Now on the upper deck, where I have decided to take in the sun in the few minutes before I depart for the theatre. Yerba Buena Gardens. Damn it was well laid out. This deck itself is some sort of marvel of symmetry. And it (the whole park, in fact) faces dead-center. Saint Patrick’s, the old fashioned red brick Catholic church is directly across the way. The Metreon is on one side in aluminum glass glory. And on the other, in its own gleaming majesty, is Yerba Buena Center. My eyes feel droopy in the sun.


July 18-22

Overworkus
Agonistes II:
The Revenge

No, really? I really got down nothing of my life in San Francisco over a five day period because of work? For shame, for shame. I have got to get out of there!


July 23

“If there is a God, it’s an algorithm.”— Overheard in Blue Danube Cafe, on a summer Sunday afternoon.

If there is a God, you have to think that She loves this day just as much as I do.

She loves the squealing hydraulic hiss of the 2 Clement as it thumps to a stop in front of the café.
She loves the blinding gleam off of the dyed platinum hair of the woman who just walked by.
She loves the backwards facing beer logos on the banner outside through which the sun glows.
She loves the smell of bacon wafting through the café from who knows where.
She loves the goof-pot post-punk band playing from the speakers in the corners.
She loves the impressionistic paintings of snails and penguins hanging on the wall.
She loves the little wooden Indians holding back the overflow of books within the wooden carte bookcase against the wall.
She loves the sticky gummy black patches on the old brown carpet.
She loves the potted palm.
She loves the white haired old man in batik shirt talking to the computer geek who issued the quote above.
She loves the guy next to me, discussing his favorite science fiction shows and movies with me.
She loves the ice, glittering and melting at the bottom of my latte.

She loves me.
Here.
Writing it down.


July 24

Sitting in Ritual Coffee Roasters on Valencia Street, writing while waiting for David and Penny’s plays to begin at the Marsh.

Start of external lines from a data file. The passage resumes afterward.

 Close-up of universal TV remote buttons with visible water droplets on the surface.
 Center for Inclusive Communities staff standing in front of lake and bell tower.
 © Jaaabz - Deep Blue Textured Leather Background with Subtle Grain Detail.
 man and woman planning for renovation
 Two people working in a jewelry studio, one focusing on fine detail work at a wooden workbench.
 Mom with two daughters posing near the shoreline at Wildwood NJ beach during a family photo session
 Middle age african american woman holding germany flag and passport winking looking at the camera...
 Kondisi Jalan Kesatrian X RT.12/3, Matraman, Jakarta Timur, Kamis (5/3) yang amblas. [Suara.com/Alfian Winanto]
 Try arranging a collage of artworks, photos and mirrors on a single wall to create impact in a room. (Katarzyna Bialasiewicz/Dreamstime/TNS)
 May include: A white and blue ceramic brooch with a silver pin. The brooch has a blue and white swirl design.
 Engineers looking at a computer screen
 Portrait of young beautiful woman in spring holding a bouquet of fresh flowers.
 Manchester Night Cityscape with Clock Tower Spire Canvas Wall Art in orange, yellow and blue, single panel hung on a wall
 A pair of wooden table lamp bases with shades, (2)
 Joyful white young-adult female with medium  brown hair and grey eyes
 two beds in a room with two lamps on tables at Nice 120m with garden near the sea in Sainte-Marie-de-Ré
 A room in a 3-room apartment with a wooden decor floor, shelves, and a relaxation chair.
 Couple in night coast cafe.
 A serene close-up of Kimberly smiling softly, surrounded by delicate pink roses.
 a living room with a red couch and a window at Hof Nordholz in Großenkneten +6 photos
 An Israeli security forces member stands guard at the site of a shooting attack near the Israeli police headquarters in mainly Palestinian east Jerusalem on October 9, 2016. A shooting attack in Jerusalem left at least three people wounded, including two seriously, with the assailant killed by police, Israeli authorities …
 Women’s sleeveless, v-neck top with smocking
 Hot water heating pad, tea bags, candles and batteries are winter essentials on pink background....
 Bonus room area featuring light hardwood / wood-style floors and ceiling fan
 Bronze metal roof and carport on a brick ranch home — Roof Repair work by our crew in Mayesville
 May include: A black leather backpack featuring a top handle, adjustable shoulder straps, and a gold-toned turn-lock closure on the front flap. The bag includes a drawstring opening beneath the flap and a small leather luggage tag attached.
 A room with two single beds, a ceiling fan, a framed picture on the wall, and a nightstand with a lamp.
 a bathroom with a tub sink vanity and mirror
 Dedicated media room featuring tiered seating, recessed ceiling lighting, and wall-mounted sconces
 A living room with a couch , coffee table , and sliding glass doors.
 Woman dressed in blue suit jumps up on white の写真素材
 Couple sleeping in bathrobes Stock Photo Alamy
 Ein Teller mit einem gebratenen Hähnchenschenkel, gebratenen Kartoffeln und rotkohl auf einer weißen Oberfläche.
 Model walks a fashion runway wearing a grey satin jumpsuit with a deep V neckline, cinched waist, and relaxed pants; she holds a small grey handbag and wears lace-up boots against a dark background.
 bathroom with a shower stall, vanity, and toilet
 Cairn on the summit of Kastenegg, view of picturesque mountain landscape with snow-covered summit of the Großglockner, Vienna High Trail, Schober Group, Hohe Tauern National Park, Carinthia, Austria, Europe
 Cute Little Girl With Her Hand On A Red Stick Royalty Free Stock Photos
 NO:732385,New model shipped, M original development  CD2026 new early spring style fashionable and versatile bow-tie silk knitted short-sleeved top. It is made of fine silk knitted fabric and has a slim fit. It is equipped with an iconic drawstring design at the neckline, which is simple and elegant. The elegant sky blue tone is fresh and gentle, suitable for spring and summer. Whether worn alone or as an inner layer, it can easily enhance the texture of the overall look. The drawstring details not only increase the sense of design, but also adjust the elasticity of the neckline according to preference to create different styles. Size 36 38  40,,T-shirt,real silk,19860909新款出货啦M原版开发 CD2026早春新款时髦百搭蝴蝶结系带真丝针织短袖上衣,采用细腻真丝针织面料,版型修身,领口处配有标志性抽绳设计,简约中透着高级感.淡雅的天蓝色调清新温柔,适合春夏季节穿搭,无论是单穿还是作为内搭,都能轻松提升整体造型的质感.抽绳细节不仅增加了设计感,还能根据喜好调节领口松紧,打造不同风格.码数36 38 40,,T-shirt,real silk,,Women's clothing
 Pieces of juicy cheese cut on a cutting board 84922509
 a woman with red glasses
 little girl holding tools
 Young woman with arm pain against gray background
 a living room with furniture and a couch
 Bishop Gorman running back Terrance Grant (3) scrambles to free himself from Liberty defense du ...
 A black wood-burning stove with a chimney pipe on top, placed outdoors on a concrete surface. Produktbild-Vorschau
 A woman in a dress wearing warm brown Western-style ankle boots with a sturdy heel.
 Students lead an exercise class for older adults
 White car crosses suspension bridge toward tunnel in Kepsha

This follows Amoebapolloza last night. You almost don’t have to write a follow-up sentence to that, but for the record, that’s an annual event where the usually sullen and condescending staff of Amoeba Records actually get on stage and play music in various combinations. My sanity was systematically destroyed by the John Fogerty cover band, the tribute to Dolly Party, a New Wave ensemble in which a thin bald black guy sang Cure songs, the Postmodern Lovers (guess who they covered) and the tribute to Suicidal Tendencies, “Suicidal: The Musical”. Friday night I went to a screening of Washington Interns Gone Bad, a full-length indie-film produced by a guy formerly of Washington, D.C., and now of San Francisco. Thursday was the reading at Alibi Books, which will now be a monthly event. This is the best city in the world. So much art and creativity. Soon I will join the chorus.


July 25

This day was absconded with from work. Yee-haw! Phat beats in the neighborhood café, cartoon painting of a mer-man wearing a shirt and tie, girl behind the counter with her magnificent poof of curly brown hair, clear gray eyes, intriguingly slightly asymmetrical face and ring in her nose. Allah u akbar.


July 26

Cab Driver Into Work:
Young, black. Short hair and clean-shaven. Listening to jazz and talking about art and music- he loves the Queens of the Stone Age. Smart and friendly and funny. I love the ride.

Cab Driver Back From Work:
Young, white. Bushy hair with goatee and sideburns. Listening to radio talk show about Clear Channel’s attempt to block free San Francisco wi-fi and talking about the collective social good— he’s not sure we’ll make it another 50 years. Smart and friendly and funny. I love the ride.


July 27

The man on top of Telegraph Hill working on the balcony of a house dropped his vacuum cleaner attachment. He later scuttled down the hill to retrieve it. We hung out the windows of our office on Sansome Street and shouted directions and encouragement.


July 28

This is my Mexico City Blues except it’s San Francisco instead of Mexico City and not all are blues, or even poems. Still:

Mist
rolling over Financial District
this summer PM
made liquid layers
split in two
as
Transamerica Pyramid
&
Bank of America Tower
caused
eddies in the stream
at 700 feet


July 28-31

These days stand blank in their mute nonwitness to what transpired therein.